There are four container classes for representing matrices and vectors in the Shark-ML library. Notice that the linear algebra functionality is declared in the remora namespace instead of the shark namespace, which is used for other routines.

The following code sample shows container classes that exist in the Shark-ML library, wherein the vector type is a dynamically sized array:

remora::vector<double> b(100, 1.0); // vector of size 100 and filled with 1.0

The compressed_vector type is a sparse array storing values in a compressed format.

The matrix type is a dynamically sized dense matrix, as shown in the following code snippet:

remora::matrix<double> C(2, 2); // 2x2 matrix

The compressed_matrix type is a sparse matrix storing values in a compressed format.

There are two main types of container initialization in the Shark-ML library.

We can initialize a container object with the constructor that takes the initializer list.

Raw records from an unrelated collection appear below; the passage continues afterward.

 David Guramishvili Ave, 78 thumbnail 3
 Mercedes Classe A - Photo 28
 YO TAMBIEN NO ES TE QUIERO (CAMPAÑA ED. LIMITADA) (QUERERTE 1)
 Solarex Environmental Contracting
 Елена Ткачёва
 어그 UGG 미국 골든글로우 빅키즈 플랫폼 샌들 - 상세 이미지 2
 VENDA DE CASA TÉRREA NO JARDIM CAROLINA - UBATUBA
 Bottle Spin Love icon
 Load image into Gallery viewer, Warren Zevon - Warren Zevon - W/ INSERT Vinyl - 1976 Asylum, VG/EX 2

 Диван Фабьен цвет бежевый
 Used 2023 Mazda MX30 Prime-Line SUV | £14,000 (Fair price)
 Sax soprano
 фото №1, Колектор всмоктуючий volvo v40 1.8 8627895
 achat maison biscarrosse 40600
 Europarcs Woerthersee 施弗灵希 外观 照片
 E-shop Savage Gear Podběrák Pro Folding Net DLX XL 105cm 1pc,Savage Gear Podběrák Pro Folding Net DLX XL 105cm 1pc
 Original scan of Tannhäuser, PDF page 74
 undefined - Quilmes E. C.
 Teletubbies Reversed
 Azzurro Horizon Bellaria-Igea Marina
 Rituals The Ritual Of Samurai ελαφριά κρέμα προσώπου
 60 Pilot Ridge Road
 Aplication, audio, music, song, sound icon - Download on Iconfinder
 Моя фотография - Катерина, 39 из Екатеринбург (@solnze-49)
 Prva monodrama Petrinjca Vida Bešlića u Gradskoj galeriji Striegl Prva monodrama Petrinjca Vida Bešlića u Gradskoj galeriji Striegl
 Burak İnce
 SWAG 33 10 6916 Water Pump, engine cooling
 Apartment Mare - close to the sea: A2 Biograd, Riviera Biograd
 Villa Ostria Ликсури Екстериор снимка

The following code sample shows this:

remora::matrix<float> m_ones{{1, 1}, {1, 1}}; // 2x2 matrix

The second option is to wrap the existing C++ array into the container object and reuse its memory and values. The following code sample shows how to use the same array for the initialization of matrix and vector objects:

float data[]= {1,2,3,4};
remora::matrix<float> m(data, 2, 2);
remora::vector<float> v(data, 4);

Also, we can initialize values with direct access to the container elements, with the () operator. The following code sample shows how to set a value for matrix and vector objects:

remora::matrix<float> m(data, 2, 2);
m(0,0) = 3.14f;
remora::vector<float> v(data, 4);
v(0) = 3.14f;

The Shark-ML library implements linear algebra arithmetic operations through overloads of standard C++ arithmetic operators such as +, - and *. Some other operations such as the dot product are implemented as standalone functions.

The following code sample shows how to use arithmetic operations in the Shark-ML library:

remora::matrix<float> a(data, 2, 2);
remora::matrix<float> b(data, 2, 2);
auto c = a + b;
a -= b;
c = remora::prod(a,b);
c = a%b; // also dot product operation
c = a + 5;

We can use the following functions for partial access to the Shark ML containers:

• subrange (x,i,j): This function returns a sub-vector of x with the elements xi,…, xj−1.
• subrange (A,i,j,k,l): This function returns a sub-matrix of A with elements indicated by i,…, j−1 and k, …, l−1.
• row (A,k): This function returns the k^th row of A as a vector proxy.
• column (A,k): This function returns the k^th column of A as a vector proxy.
• rows (A,k,l): This function returns the rows k,…,l−1 of A as a matrix proxy.
• columns (A,k,l): This function returns the columns k,…, l−1 of A as a matrix proxy.

There is no broadcasting implementation in the Shark-ML library. Limited support of broadcasting exists only in the form of reduction functions (the set of functions that calculate one numeric value for a whole matrix or vector). There are two functions—the as_rows() and as_columns() function—that allow reduction operations to be performed independently on matrix rows or columns respectively. We can pass the result of these functions to any of the reduction functions. The following code sample shows how to perform summation reduction:

remora::matrix<float> m{{1, 2, 3, 4}, {5, 6, 7, 8}};
auto cols = remora::as_columns(m);
remora::sum(cols)

A different way to work with columns and rows independently is the use of partial access functions. The following code sample shows how to add the same vector to each of the matrix columns:

remora::vector<float> v{10, 10};
// Update matrix rows
for (size_t i = 0; i < m.size2(); ++i) {         
   remora::column(m, i) += v;
}